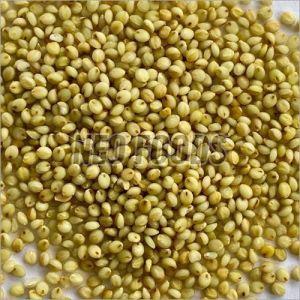 Brown Top Millet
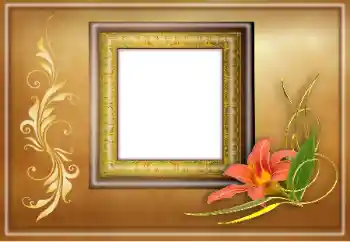 Foto-effetti della categoria Vari № 163374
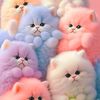 catlove878
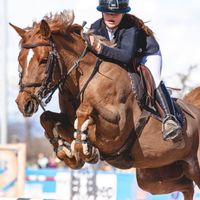 Galaxie de Verduizant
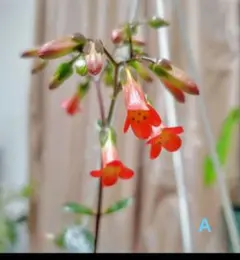 いーちゃん様 リクエスト 3点 まとめ商品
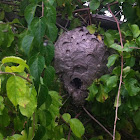 Wasp (nest)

-=-=-=-=-

## Exercise objective
The result should be the full set of entries above, restated exactly and without images.

## Task solution
 Brown Top Millet
 Foto-effetti della categoria Vari № 163374
 catlove878
 Galaxie de Verduizant
 いーちゃん様 リクエスト 3点 まとめ商品
 Wasp (nest)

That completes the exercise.